Eventually, my curiosities about dance and the moving body grew, and by high school I felt I was a good enough mover to explore different types of dance. The gatekeeper, however, to this somatic way of knowing was classical ballet. I spent many years after that training my body to move in ways that were deemed acceptable, valuable, and desirable. Always striving for control and “correctness.” By the time my life necessitated the types of dance that required the movement that my body naturally had to offer, I had no idea how to find it.

By age 32, I had been dancing professionally for half my life. So many years were spent adding layer upon layer of technical proficiency, signifying value and credibility as an artist, among other benefits. And with every layer that was cemented into my body, the voice of my own knowing grew faint and unrecognizable.

I find stark parallels between my physical dancing body and my intuitive knowing Self. There is much about my Self that is natural, intuitive, and aligned that I have learned to alter/cover over the years. With different practices and habits, I’ve learned to perform in a way that is acceptable and valuable to society, but now, in this time of rebuilding as I step into my newest season of knowing, I have found that it is imperative to unearth my own voice in order to access the deep ancestral recipes that will inform me, keep me, guide me, and usher me forward with clear intention and purpose.

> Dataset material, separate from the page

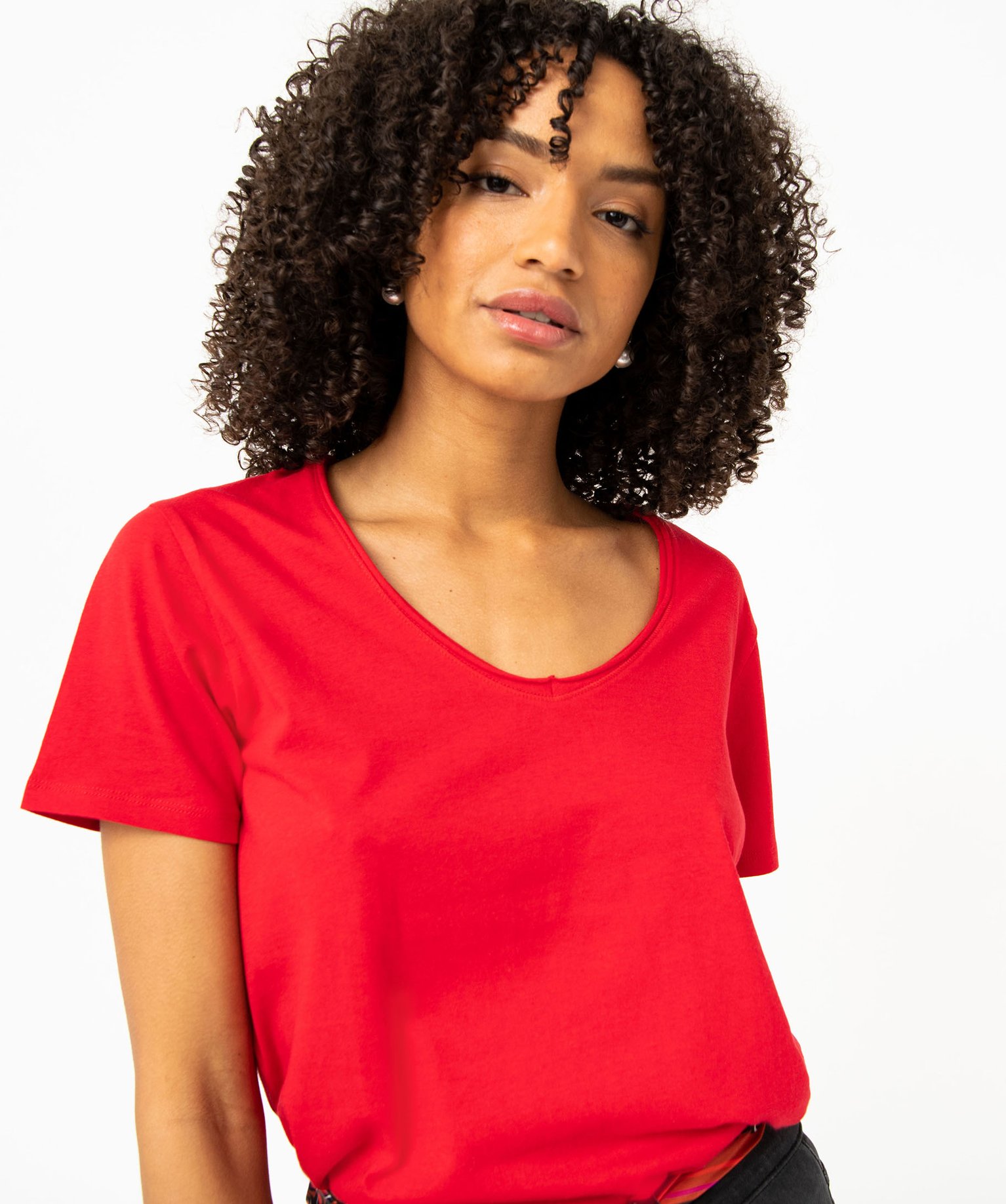 Tee-shirt femme à manches courtes avec col V roulotté rouge | GEMO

By age 32, I had grown and given birth to a human, gotten married, grown and given birth to another human, gotten divorced, and was faced with a great and difficult season of deconstruction and re-creation. But as I sat at the blank canvas, ready to create anew, I found that I had no idea how to even start. Fortunately, my journey had brought me from the busy city of Detroit, to a rural area in western Massachusetts, right off the Connecticut River. Here, in the stillness, I was able to revisit my Self. Through pleasure and play, I am able to peel back layers of technique and training to reveal the function of movement in my life, at its core; intentionally pursuing pleasure as a guiding force away from societal norms and toward intuitive and abolitionist healing.

Pleasure Activism: The Politics of Feeling Good (adrienne maree brown)

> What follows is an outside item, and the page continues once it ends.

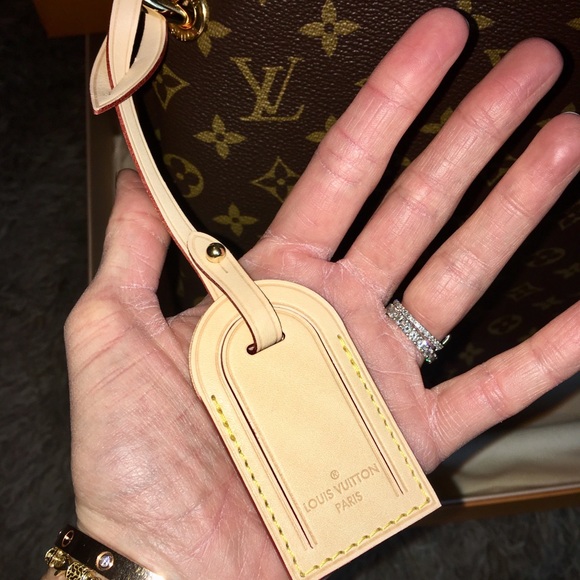 SOLD! Authentic New Louis Vuitton Graceful MM. - Picture 2 of 6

In this new place, I’ve been able to engage my inner Fool/Trickster/Holy Buffoon/Shaman and, “channel the straight talk of the unconscious without the fear or shame that inhibits normal adults,” (Nachmanovitch, p. 47). I’ve trusted and used my voice to advocate for myself in ways that were abnormal in my old life. I’ve been safe enough to have the courage and privilege to play.

The nature of my employment as a dance teaching artist living in residency at a high school affords me consistent opportunities to seek truth through creation. Each trimester, I present new work performed by my students. This keeps me in a constant state of seeking, uncovering, and creating. As McIntosh quotes Margret Boden in his chapter, What do we mean by creativity, “…In these puzzles I test things out, remove things, return them, and remember the steps I have taken to reach a current point, until at last a new shape emerges, or the rings separate, or the ball is liberated,” (McIntosh, p. 88). It is in this fashion that I work to understand my own coherent totality.

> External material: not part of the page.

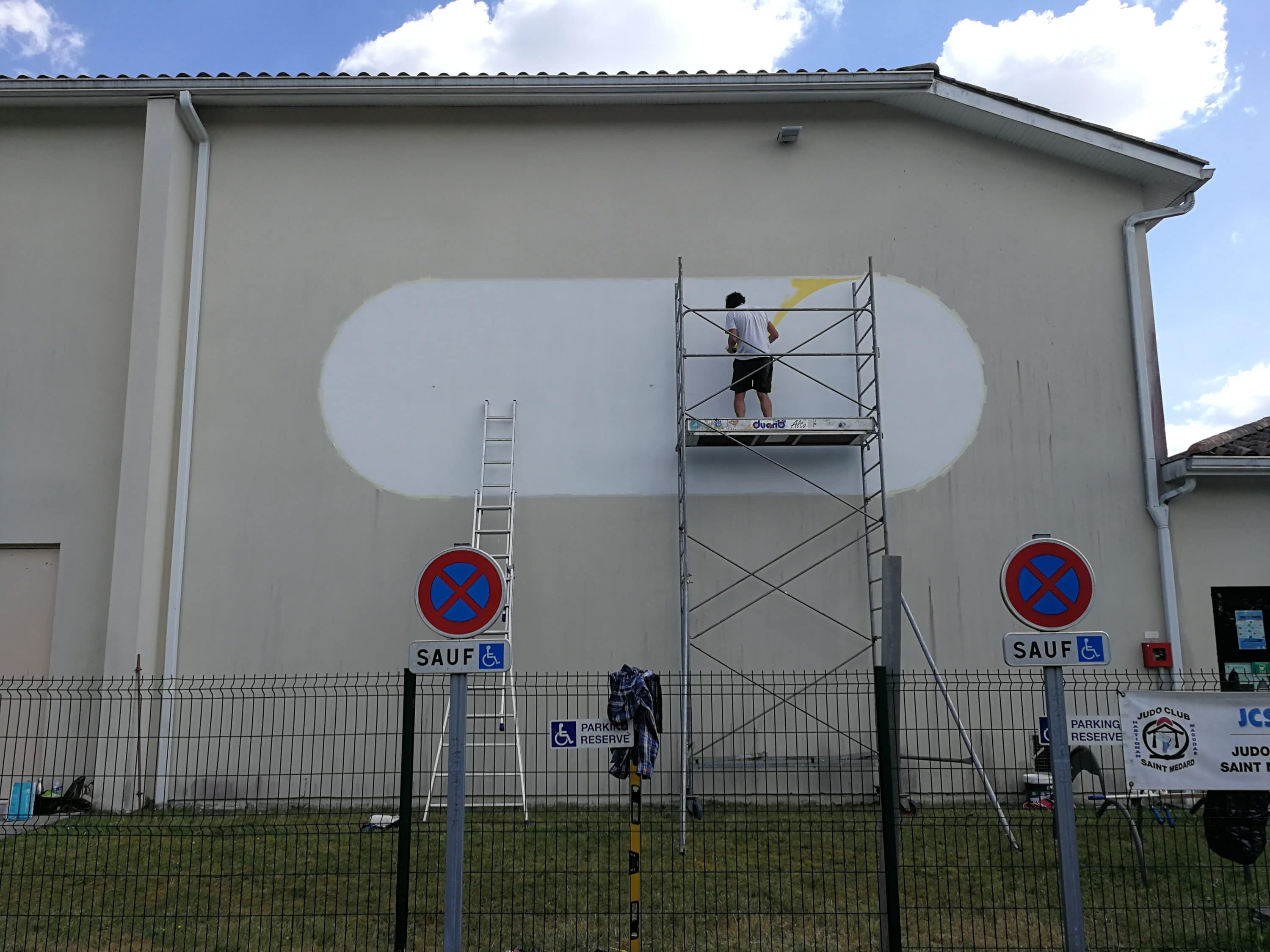 Sébastien Thébault réalise Acrylic Horizon pour la Garonne commence ici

I hope you continue to follow this recorded journey inward. In the past month, I’ve been deeply devoted to the concepts of pleasure and play as activism; “exploring movement that is pleasing to my body; developing a practice of honoring/uncovering/decoding my own native tongue,” (Williams, 2022) and spending, “intentional time embracing my voice, exploring my own movement, and reflecting on its origins,” (Williams, 2022).